Thursday, 2 May 2013
Ruby is a rescue dog, but I always say that she rescued us, and I know this sounds terribly corny but it really is true. When we got her it was a really crazy time to be taking on a dog. We were absolutely broke, going around the supermarket with a calculator counting every single penny of our spending and sticking to punitive budgets. We really couldn't afford the extra insurance money or cost of food, but in true Krupski style we did it anyway. Equally, we were all majorly stressed out, my business was in free fall, David was suffering more from his depression, Elliot was having a terrible time at school and Issy was working very hard, knowing that her days at her lovely private school may be numbered.
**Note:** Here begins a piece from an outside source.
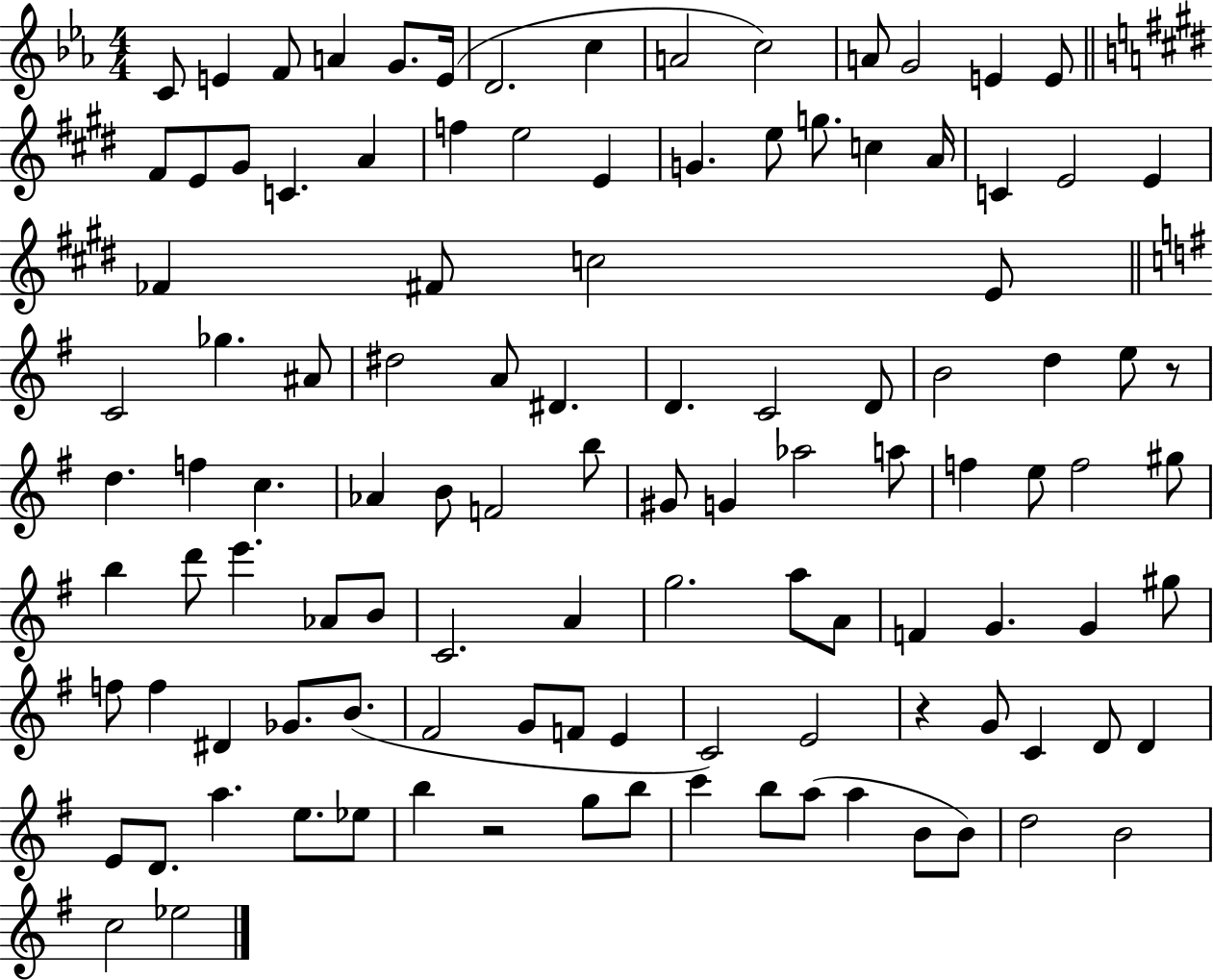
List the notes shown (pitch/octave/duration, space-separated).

C4/e E4/q F4/e A4/q G4/e. E4/s D4/h. C5/q A4/h C5/h A4/e G4/h E4/q E4/e F#4/e E4/e G#4/e C4/q. A4/q F5/q E5/h E4/q G4/q. E5/e G5/e. C5/q A4/s C4/q E4/h E4/q FES4/q F#4/e C5/h E4/e C4/h Gb5/q. A#4/e D#5/h A4/e D#4/q. D4/q. C4/h D4/e B4/h D5/q E5/e R/e D5/q. F5/q C5/q. Ab4/q B4/e F4/h B5/e G#4/e G4/q Ab5/h A5/e F5/q E5/e F5/h G#5/e B5/q D6/e E6/q. Ab4/e B4/e C4/h. A4/q G5/h. A5/e A4/e F4/q G4/q. G4/q G#5/e F5/e F5/q D#4/q Gb4/e. B4/e. F#4/h G4/e F4/e E4/q C4/h E4/h R/q G4/e C4/q D4/e D4/q E4/e D4/e. A5/q. E5/e. Eb5/e B5/q R/h G5/e B5/e C6/q B5/e A5/e A5/q B4/e B4/e D5/h B4/h C5/h Eb5/h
Ruby did come cheap though, normally at Battersea you have to pay £100 for a rescue but she was in such a terrible state that she was a giveaway. She was covered in skin rash, had terrible kennel cough, was psychologically scarred from being on the streets, and in all probability from being beaten (she cowered when we went to stroke her at first), was skin and bone (all her ribs on show) and limping from a horrible case of luxating patella which caused one of her legs to dislocate over and over. They told us at Battersea that we would have to cope with a lot of aftercare and many trips backwards and forwards from the rescue centre until she was better. So why the hell did we take her on, especially when we had never had a dog before? Well it was simple really - when they introduced her to us the first thing she did was go over and sit on David's feet, and that was it.
Yes we have done a lot for a badly treated rescue dog but Ruby has helped me through terrible times of stress and anxiety. Going for a walk every morning, whatever the weather, with an animal that will love you whatever you feel like, however angry you are, however dark you feel is incredibly healing and I am truly grateful to her for that. I love the way she cuddles up to David when he's feeling annoyed and helps melt his heart and calms him down, I love the way she plays madly with Elliot, chasing him around the house and licking him to death on the floor, and the way she keeps Issy company when she's studying at home. She just seems to know what we all need at any given moment.
I know I will never get a puppy and will always go to a rescue centre to get a dog. Once you have experienced seeing kennel after kennel of sad or upset dogs (particularly staffies) it is hard to understand why you would want to encourage further breeding. Don't get me wrong, many of my dog walking friends have raised their lovely dogs from puppies and I don't think they have done anything wrong but I just think there are so many dogs who need homes (many of which are destroyed each year) that I couldn't personally justify raising a puppy. And if I'm honest I couldn't go through the whole, dog training, chewing, feeding every four hours thing - way too much like having a baby again.
So in the spirit of this blog which is about celebrating the free, meaningful and simple you can't do much better than a rescue dog. If you do I hope you find one as beautiful, loving and kind as our lovely Ruby.